**EXERCISE OBJECTIVE**
If pictures appear, leave them out, and return exactly the lines from the one holding "Old wooden abacus on wooden surface close up" through the last line of the listing below.

**THE DATA**
- Opening Delimiter -

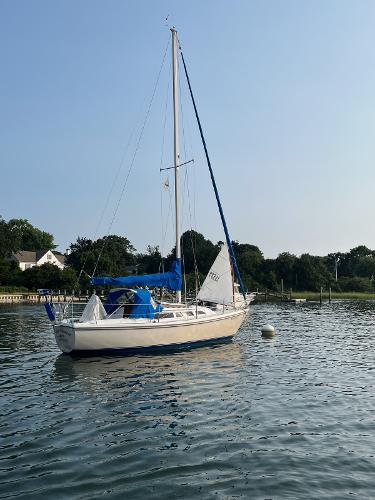 Catalina Sailboat 1985 Catalina sailboat on calm water with clear sky background.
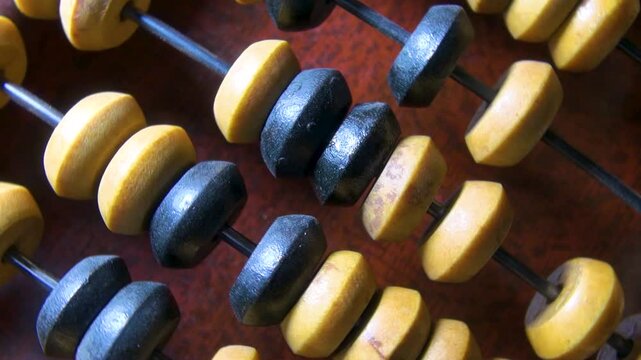 Old wooden abacus on wooden surface close up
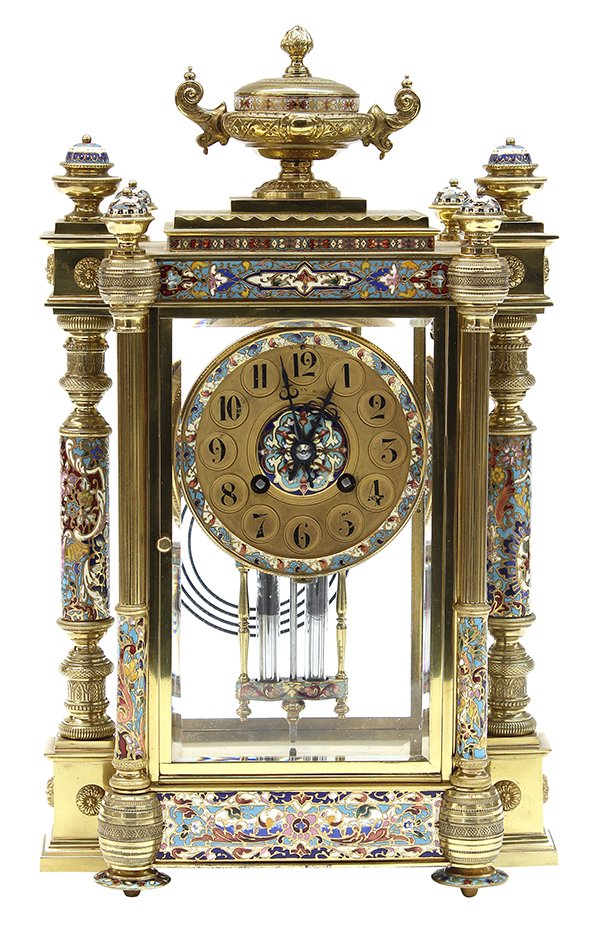 French champleve decorated mantle clock: French champleve decorated mantle clock, the brass case having an urn finial, above beveled glass panels and multi-color champleve inlay flanked with Corinthian columnar supports, having hinged door t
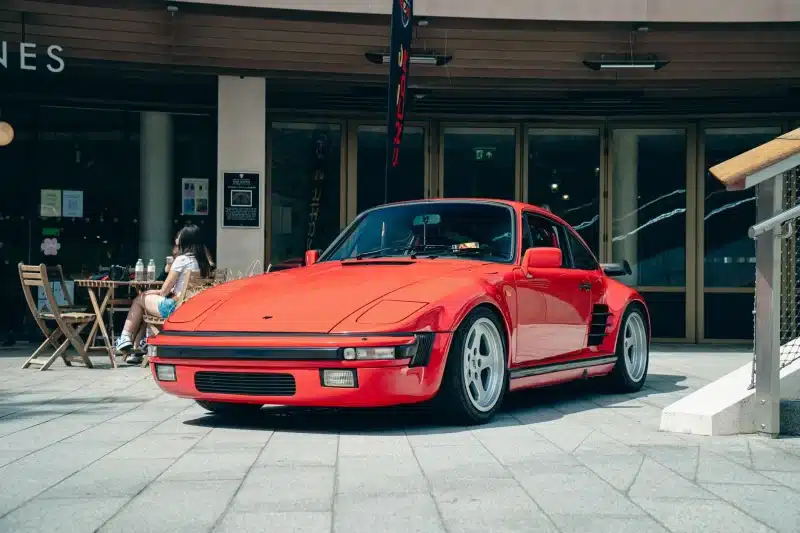 Classic red sports car parked outdoors in Southampton, England with a cafe in the background.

- Closing Delimiter -

**WORKED SOLUTION**
 Old wooden abacus on wooden surface close up
 French champleve decorated mantle clock: French champleve decorated mantle clock, the brass case having an urn finial, above beveled glass panels and multi-color champleve inlay flanked with Corinthian columnar supports, having hinged door t
 Classic red sports car parked outdoors in Southampton, England with a cafe in the background.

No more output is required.